[Data records]
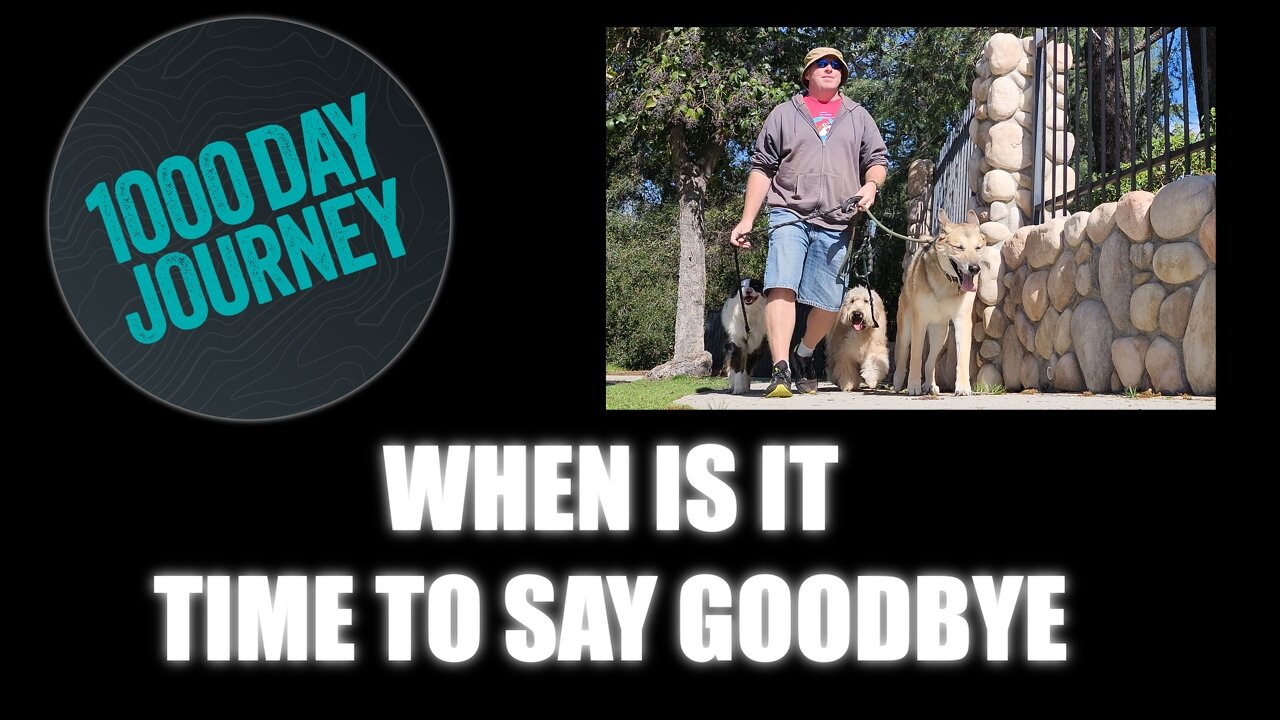 1000 Day Journey 0242 When is it time to say goodbye to a pet?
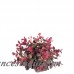 Bungalow Rose Eucalyptus Half Orb Centerpiece CRLE2080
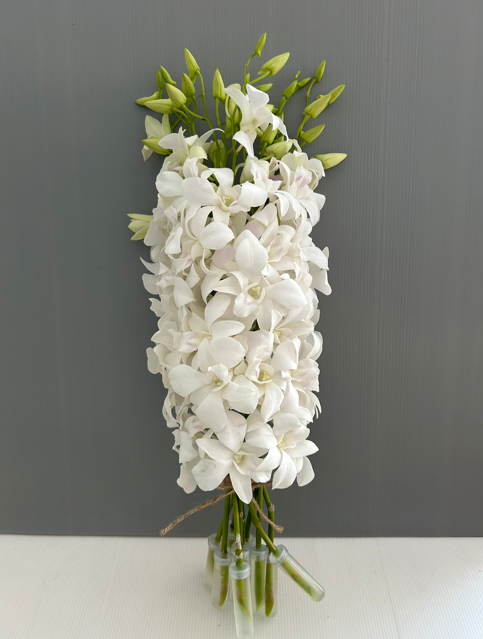 Snow White thumbnail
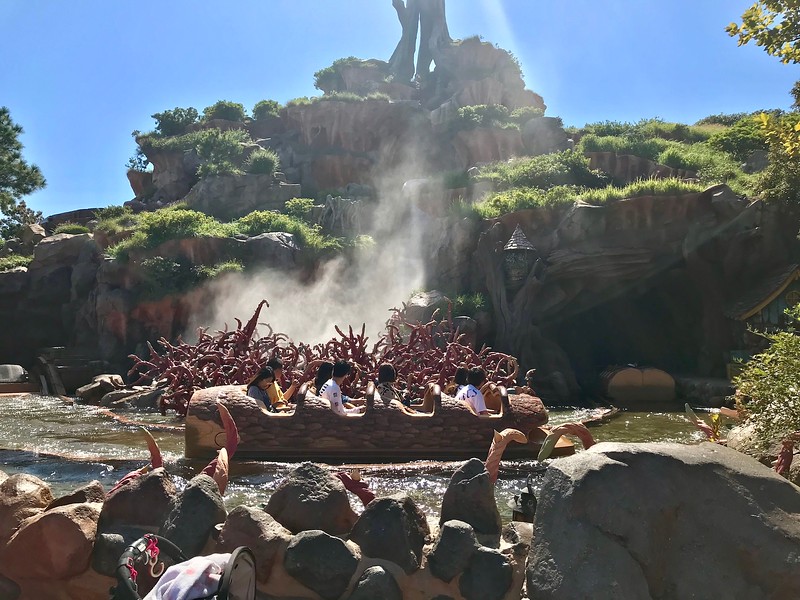 The Splash Mountain ride.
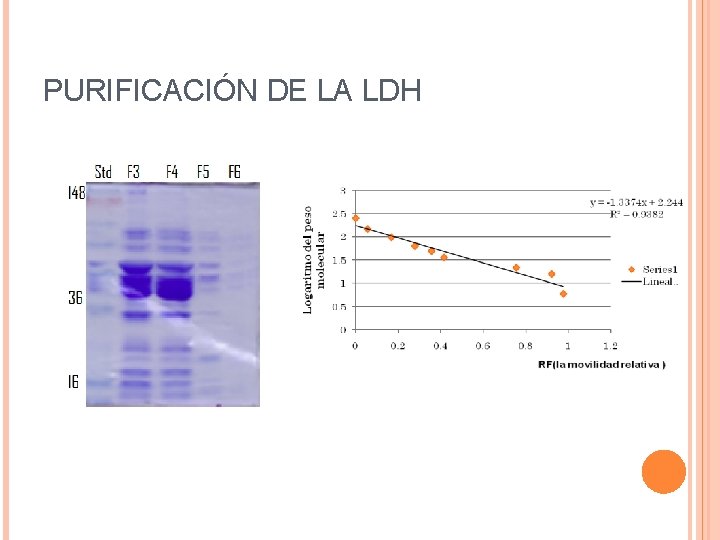 PURIFICACIÓN DE LA LDH 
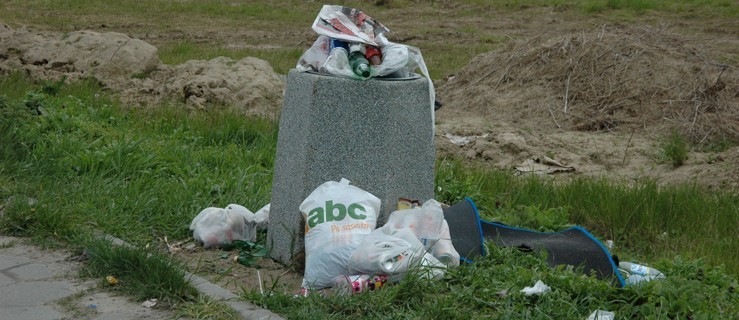 Kosze są potrzebne, ale częściej powinny być sprzątane - Zdjęcie główne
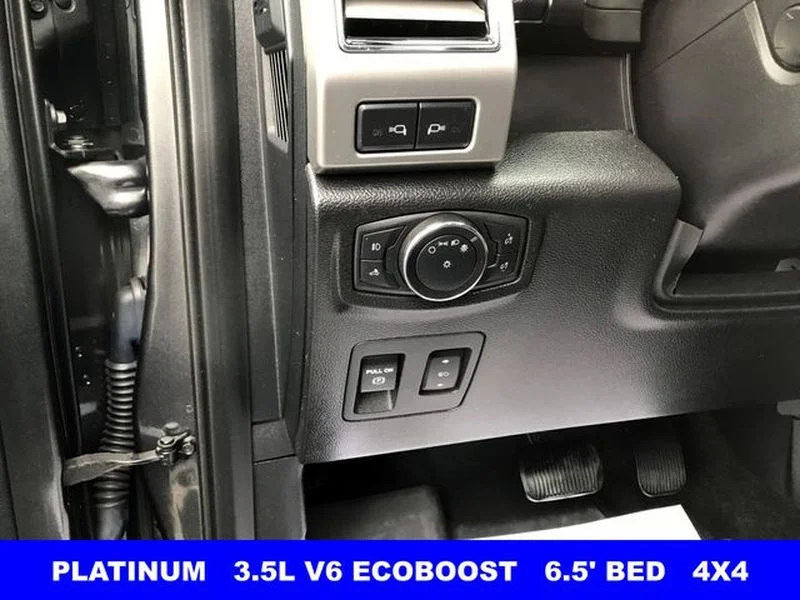 Certified Used 2020 Magnetic Metallic Ford Platinum image 8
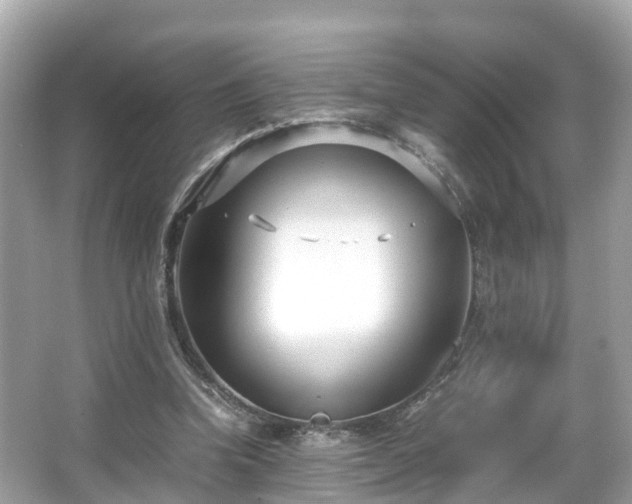 X0000066100346200603131236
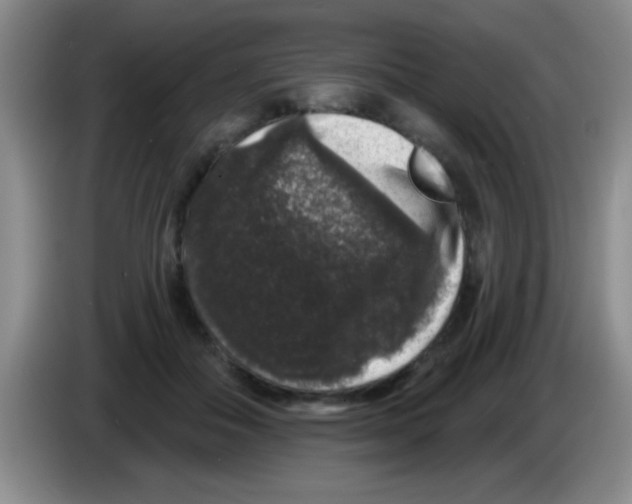 X0000083570506200703091640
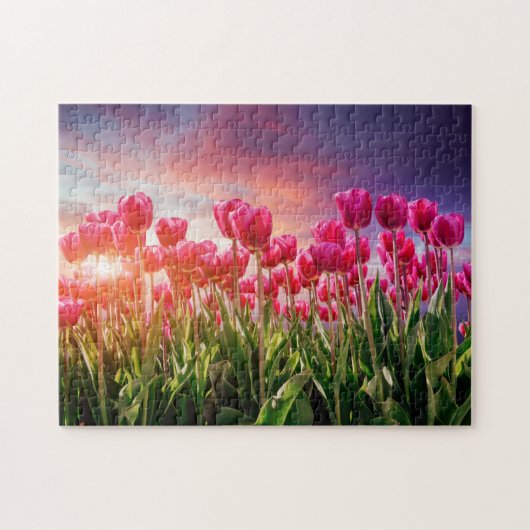 Puzzle Fleurs de tulipe rose Coucher de soleil Nature Pay (Horizontal)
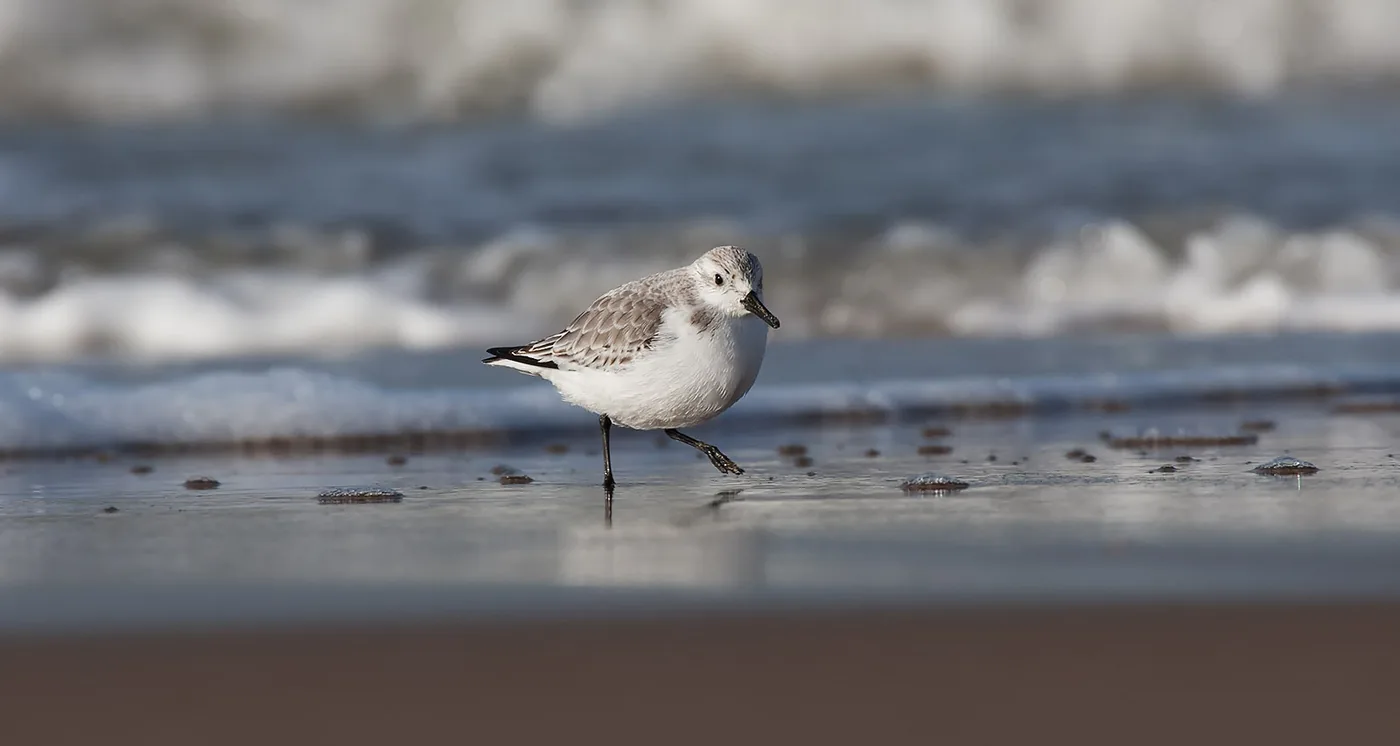 Photo: Jan Duker | Sanderling on a beach with seawater in the background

[Your task]
Reproduce the data above in full, exactly as it is, with the pictures left out.

[Task output]
 1000 Day Journey 0242 When is it time to say goodbye to a pet?
 Bungalow Rose Eucalyptus Half Orb Centerpiece CRLE2080
 Snow White thumbnail
 The Splash Mountain ride.
 PURIFICACIÓN DE LA LDH 
 Kosze są potrzebne, ale częściej powinny być sprzątane - Zdjęcie główne
 Certified Used 2020 Magnetic Metallic Ford Platinum image 8
 X0000066100346200603131236
 X0000083570506200703091640
 Puzzle Fleurs de tulipe rose Coucher de soleil Nature Pay (Horizontal)
 Photo: Jan Duker | Sanderling on a beach with seawater in the background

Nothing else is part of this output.